I have a Ryzen 2400g in a media PC I built for 4k, I overclocked the ram from 2133mhz to 3000mhz so I could get the best out of its APU, which made a big difference of course, but CAS latencies seemed to have little to no impact. What sort of improvements did you see and do you know how much the latencies impacted on performance? If CAS latencies make very little impact then it may make sense to buy cheaper slower ram and just increase frequencies and latency.

Memory frequency have always been getting fast, but it has been at the cost of latency, I remember having some fast DDR2 Kingston HyperX 800mhz running at CAS4, now I see fast DDR4 running at 4 times the frequencies, but they are also running at 4 times the latency, its clear that frequency is the larger factor when it comes to performance.


----------



## Cromewell

Shlouski said:


> If CAS latencies make very little impact then it may make sense to buy cheaper slower ram and just increase frequencies and latency.

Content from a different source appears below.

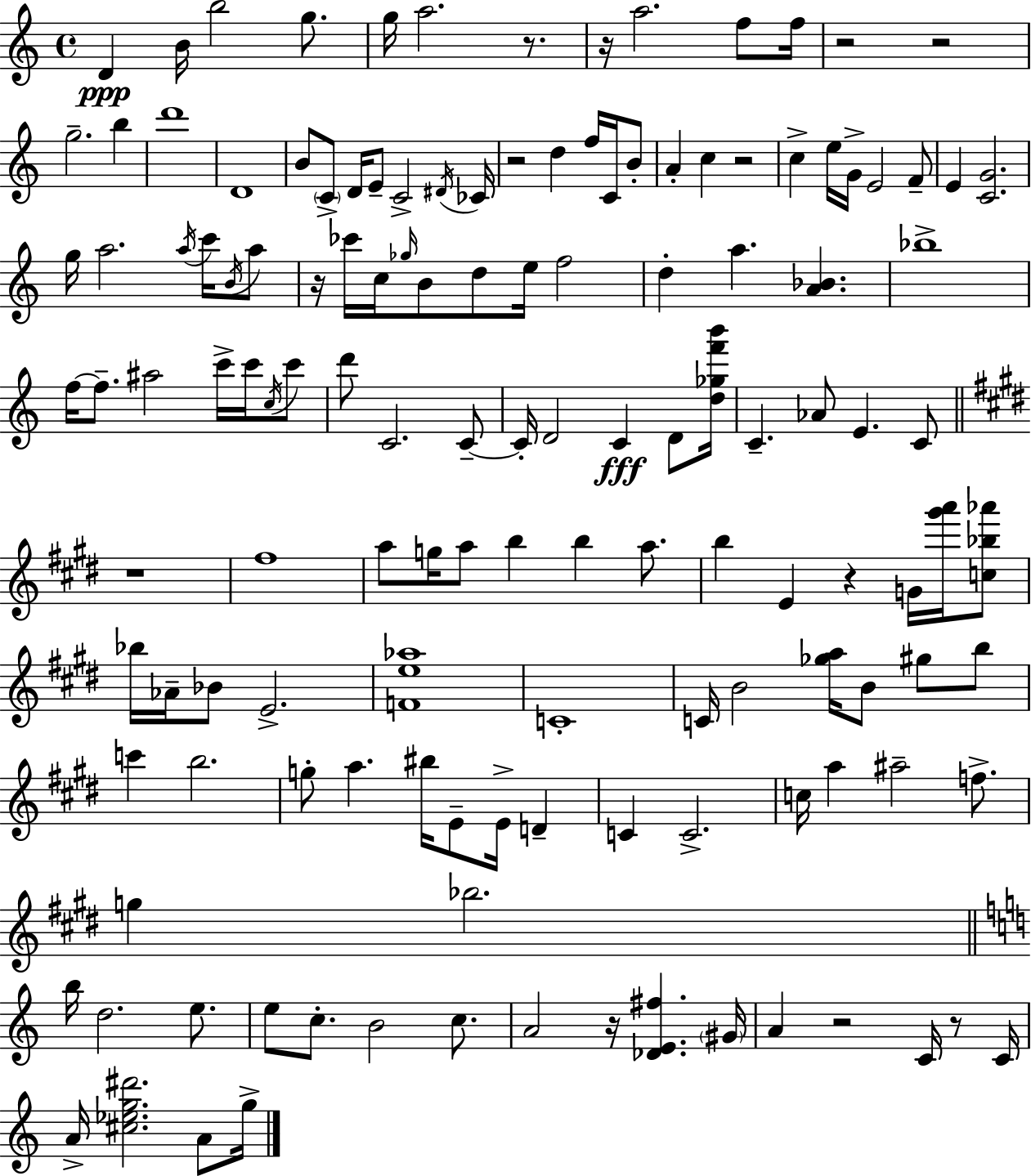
D4/q B4/s B5/h G5/e. G5/s A5/h. R/e. R/s A5/h. F5/e F5/s R/h R/h G5/h. B5/q D6/w D4/w B4/e C4/e D4/s E4/e C4/h D#4/s CES4/s R/h D5/q F5/s C4/s B4/e A4/q C5/q R/h C5/q E5/s G4/s E4/h F4/e E4/q [C4,G4]/h. G5/s A5/h. A5/s C6/s B4/s A5/e R/s CES6/s C5/s Gb5/s B4/e D5/e E5/s F5/h D5/q A5/q. [A4,Bb4]/q. Bb5/w F5/s F5/e. A#5/h C6/s C6/s C5/s C6/e D6/e C4/h. C4/e C4/s D4/h C4/q D4/e [D5,Gb5,F6,B6]/s C4/q. Ab4/e E4/q. C4/e R/w F#5/w A5/e G5/s A5/e B5/q B5/q A5/e. B5/q E4/q R/q G4/s [G#6,A6]/s [C5,Bb5,Ab6]/e Bb5/s Ab4/s Bb4/e E4/h. [F4,E5,Ab5]/w C4/w C4/s B4/h [Gb5,A5]/s B4/e G#5/e B5/e C6/q B5/h. G5/e A5/q. BIS5/s E4/e E4/s D4/q C4/q C4/h. C5/s A5/q A#5/h F5/e. G5/q Bb5/h. B5/s D5/h. E5/e. E5/e C5/e. B4/h C5/e. A4/h R/s [Db4,E4,F#5]/q. G#4/s A4/q R/h C4/s R/e C4/s A4/s [C#5,Eb5,G5,D#6]/h. A4/e G5/s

If you can increase the frequency enough, CAS hits are not noticeable because the higher frequency means it takes less time per clock tick. There is a section in RAM 101 about latencies in real time, it was added back when DDR3 was new, but the math still applies. It's at the end here: https://www.computerforum.com/threads/ram-101.11096/#post-87687


----------



## Shlouski

Cromewell said:


> If you can increase the frequency enough, CAS hits are not noticeable because the higher frequency means it takes less time per clock tick. There is a section in RAM 101 about latencies in real time, it was added back when DDR3 was new, but the math still applies. It's at the end here: https://www.computerforum.com/threads/ram-101.11096/#post-87687



Thx, I will take a look.


----------



## Intel_man

Cromewell said:


> If you can increase the frequency enough, CAS hits are not noticeable because the higher frequency means it takes less time per clock tick. There is a section in RAM 101 about latencies in real time, it was added back when DDR3 was new, but the math still applies. It's at the end here: https://www.computerforum.com/threads/ram-101.11096/#post-87687


Gamersnexus also has an indepth video on ram and what each component does. There's only part 1 so far, but it is fairly technical for those interested.


https://www.gamersnexus.net/guides/3333-memory-timings-defined-cas-latency-trcd-trp-tras


----------